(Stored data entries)
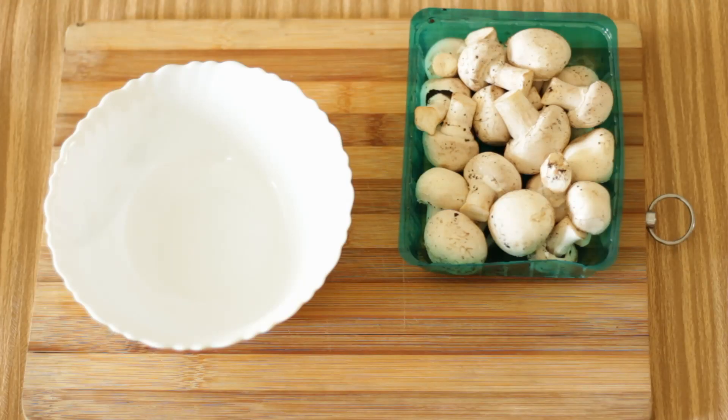Hi, this is Jyoti and you are in my little treat corner. Today we are going to make stuffed mushroom. This dish I first tried in one of the local restaurants in Mumbai and I found it very tasty, so I decided to recreate it at home. I do not know how much I succeeded, but whatever I made was also very tasty, so I decided to share the recipe with you all.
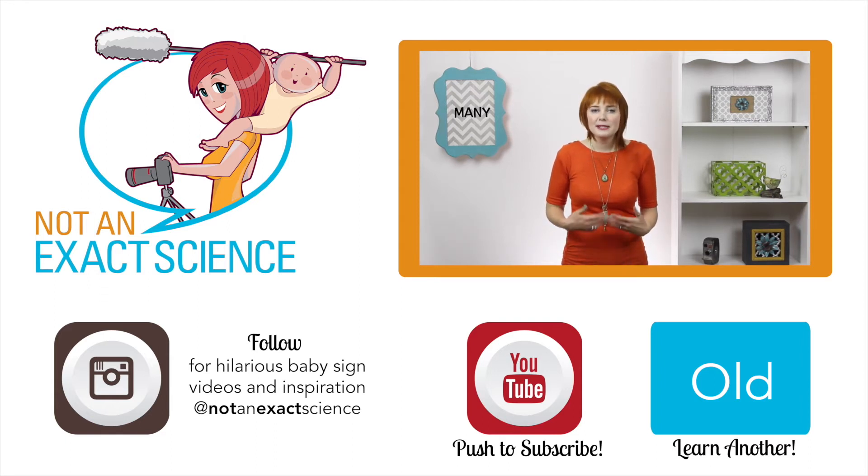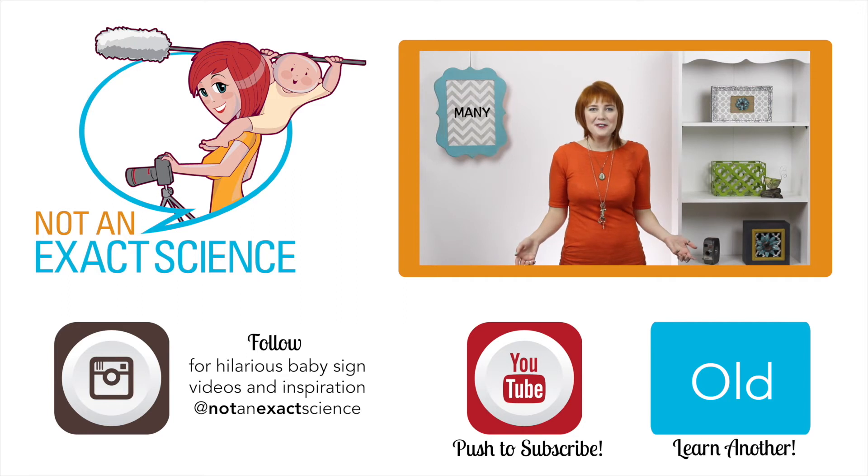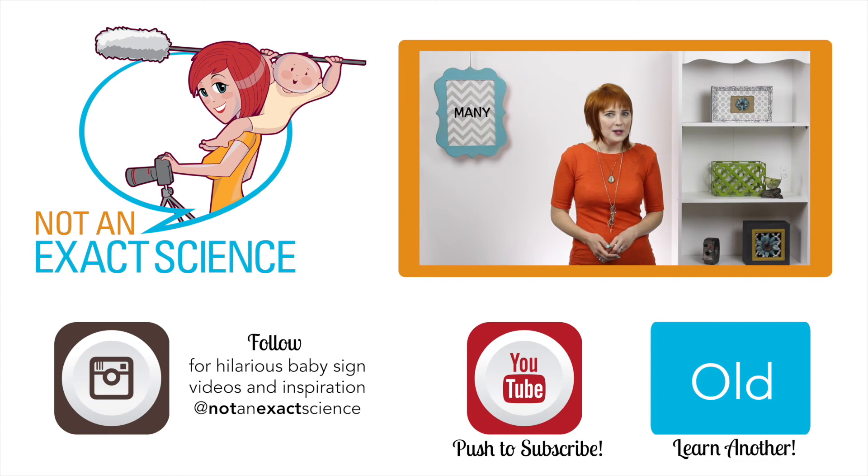As you're consistent, your baby will start to make the association and then start signing. If your baby stops signing to learn a gross motor skill, just keep signing, and when your baby masters that motor skill you can keep signing together. Please let us know if you found this video helpful by clicking like or giving us a thumbs up, and share your signing stories so other moms can be inspired.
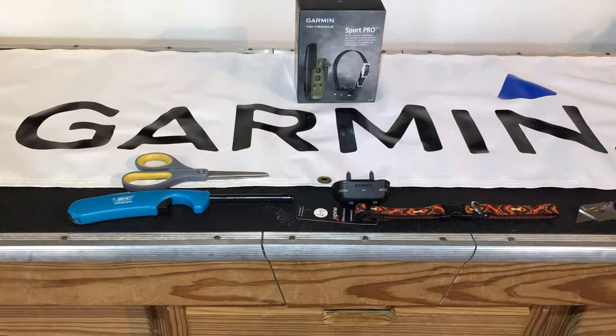This video will cover the procedure to adapt a fabric or soft collar to a Garmin PT6 or PT10 dog training receiver. It's fairly straightforward — you only need a couple of tools: a pair of scissors, a lighter, a razor blade, and maybe a set of bolt cutters to cut the D-ring off of the fabric collar.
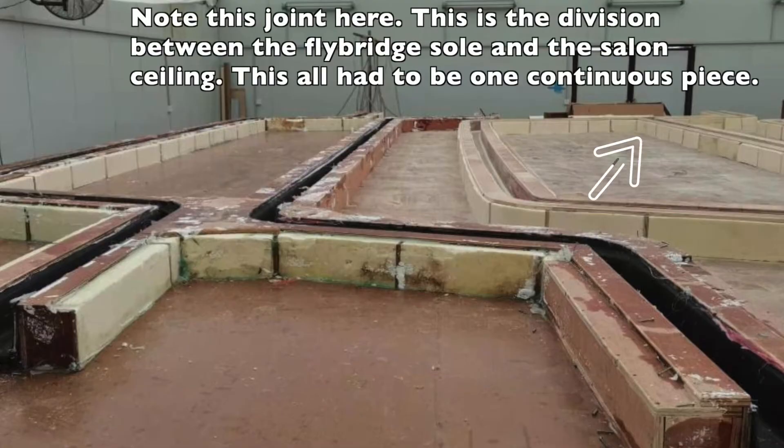Each of them needs to be one continuous piece of carbon in order to meet their structural integrity requirements, and according to the builder, require an overall accuracy of less than plus or minus one-eighth of an inch. They wouldn't be strong enough if you tried to piece them together. And if you think these are big, the longitudinal ones that are next to be on the table are about 70 feet long and still require the same accuracy.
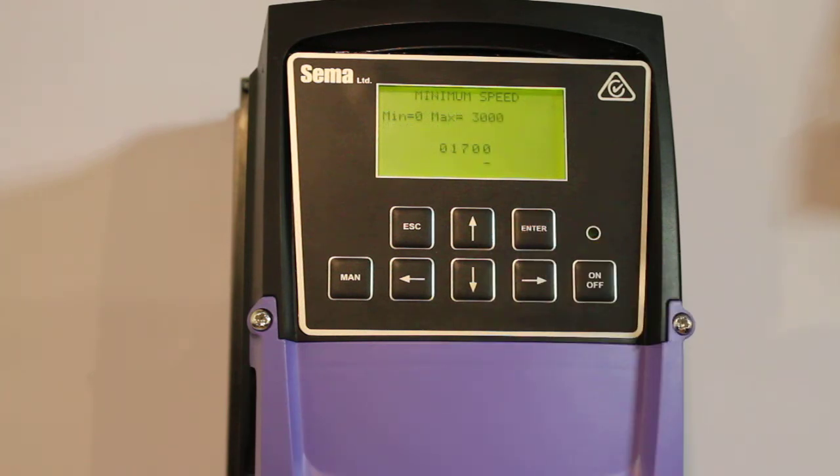Minimum pump speed. We're going to leave it set at 1700. That minimum default value is based on what type of pump and what type of shed you select, so 1700 is about right. Let's push enter.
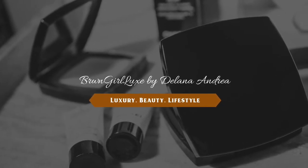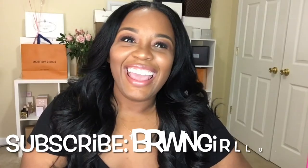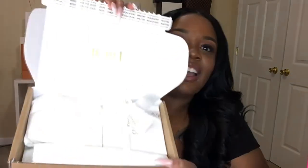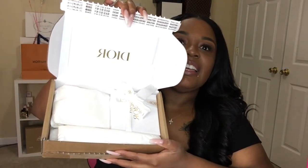Hey guys, welcome back to my channel! Today we are doing an unboxing of something I just recently ordered. I've been eyeing this particular item for some time now — I've seen a few of my favorite YouTubers wearing it and people I follow on Instagram wearing it, and I'm just like, man, I need this in my collection. It's a Dior item, guys — this will be my second Dior piece, and it's an accessory.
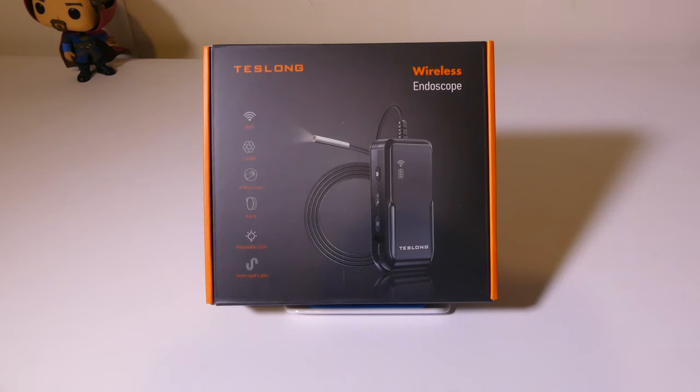Hey everybody, it's Luke over at Galaxy Tech Review, and today I've got a product from TestLong. This is the WF-150 Wi-Fi-enabled wireless endoscope. This is a very interesting product and would work out great for somebody that's into plumbing or electrical work — you might need to snake into a wall or something like that and snap some pictures or video.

## PROBLEM REQUIREMENTS
Restate the entries verbatim, without pictures.

## SOLUTION FOR THIS TASK
Hi, this is Jyoti and you are in my little treat corner. Today we are going to make stuffed mushroom. This dish I first tried in one of the local restaurants in Mumbai and I found it very tasty, so I decided to recreate it at home. I do not know how much I succeeded, but whatever I made was also very tasty, so I decided to share the recipe with you all.
As you're consistent, your baby will start to make the association and then start signing. If your baby stops signing to learn a gross motor skill, just keep signing, and when your baby masters that motor skill you can keep signing together. Please let us know if you found this video helpful by clicking like or giving us a thumbs up, and share your signing stories so other moms can be inspired.
This video will cover the procedure to adapt a fabric or soft collar to a Garmin PT6 or PT10 dog training receiver. It's fairly straightforward — you only need a couple of tools: a pair of scissors, a lighter, a razor blade, and maybe a set of bolt cutters to cut the D-ring off of the fabric collar.
Each of them needs to be one continuous piece of carbon in order to meet their structural integrity requirements, and according to the builder, require an overall accuracy of less than plus or minus one-eighth of an inch. They wouldn't be strong enough if you tried to piece them together. And if you think these are big, the longitudinal ones that are next to be on the table are about 70 feet long and still require the same accuracy.
Minimum pump speed. We're going to leave it set at 1700. That minimum default value is based on what type of pump and what type of shed you select, so 1700 is about right. Let's push enter.
Hey guys, welcome back to my channel! Today we are doing an unboxing of something I just recently ordered. I've been eyeing this particular item for some time now — I've seen a few of my favorite YouTubers wearing it and people I follow on Instagram wearing it, and I'm just like, man, I need this in my collection. It's a Dior item, guys — this will be my second Dior piece, and it's an accessory.
Hey everybody, it's Luke over at Galaxy Tech Review, and today I've got a product from TestLong. This is the WF-150 Wi-Fi-enabled wireless endoscope. This is a very interesting product and would work out great for somebody that's into plumbing or electrical work — you might need to snake into a wall or something like that and snap some pictures or video.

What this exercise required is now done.